Lack of quality sleep gradually results in daily fatigue, loss of
concentration, as well as work- related loss of productivity and
accidents. While millions of Americans suffer with poor quality sleep,
only a small percentage seek help. Sleep
disorders affect men and women of every age, race and socioeconomic class.
“Almost everyone has periods of insomnia, where they have trouble
getting to sleep or sleeping through the night,” relates Dr. Vithalbhai
Dhaduk, Director of the Sleep Disorders Center at Marian Community
Hospital, Carbondale. “Many
victims think that there is no treatment for their condition or think it
is something they have to put up with. Others treat themselves with over-the-counter medications or
alcohol. When lack of
sleep impacts on the quality of life, the problem becomes a medical
concern that should be discussed with a doctor.”
Often symptoms are first identified by a bed partner or someone
else in the household who complains about loud snoring, thrashing, or
seeing that the other individual actually stops breathing for prolonged
times during the night. Sleep disorders and disturbances of sleep comprise a broad
range of problems. Some of
the major ones include sleep apnea and snoring, narcolepsy, insomnia and
disturbances associated with a variety of medical conditions and
“Most often a victim of a sleep disorder will first discuss the
situation with their family doctor,” outlined Dr. Dhaduk, a neurologist
with offices in Carbondale and Scranton.
“Many times there are things that someone with a sleep problem
may unwittingly do that prevents a good night’s sleep.
Alcohol slows brain activity.
When used at bedtime, it may help a person initially fall asleep,
but will disrupt sleep later. Over-the-counter
medications may stimulate rather than relax a person and usually only work
to mask underlying causes of sleep problems.
Caffeine stimulates the brain and interferes with sleep.
In addition to coffee, caffeine can also be found in tea, colas,
cocoa, chocolate as well as some prescription and non-prescription drugs.
Nicotine is another stimulant that interferes with sleep.

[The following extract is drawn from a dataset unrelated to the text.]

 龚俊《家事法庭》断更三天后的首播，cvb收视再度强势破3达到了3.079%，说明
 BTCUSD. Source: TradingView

With an evaluation and medical examination, the physician can rule
out specific conditions or medical problems that may cause the sleep
disturbance. If this
evaluation fails to uncover the problem, the patient will be referred to a
sleep disorders specialist.
specialist in sleep disorders medicine will complete a medical assessment,
including a medical history and physical.

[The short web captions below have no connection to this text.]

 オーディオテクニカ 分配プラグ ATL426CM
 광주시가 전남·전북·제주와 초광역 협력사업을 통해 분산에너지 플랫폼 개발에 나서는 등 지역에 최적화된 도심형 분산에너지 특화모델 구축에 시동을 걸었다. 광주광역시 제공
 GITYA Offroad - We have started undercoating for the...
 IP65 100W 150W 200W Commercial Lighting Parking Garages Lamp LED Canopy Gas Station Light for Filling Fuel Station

The physician may also speak to a spouse or other family members
about the patient’s sleeping and waking behavior.
In approximately 30 percent of sleep disorder cases, specific
physical conditions exist to cause the symptoms.
There may be excessive soft tissue making it difficult for the
patient to breathe properly. This
and many other conditions can be treated with various medical devices or
surgical procedures to reduce or relieve symptoms.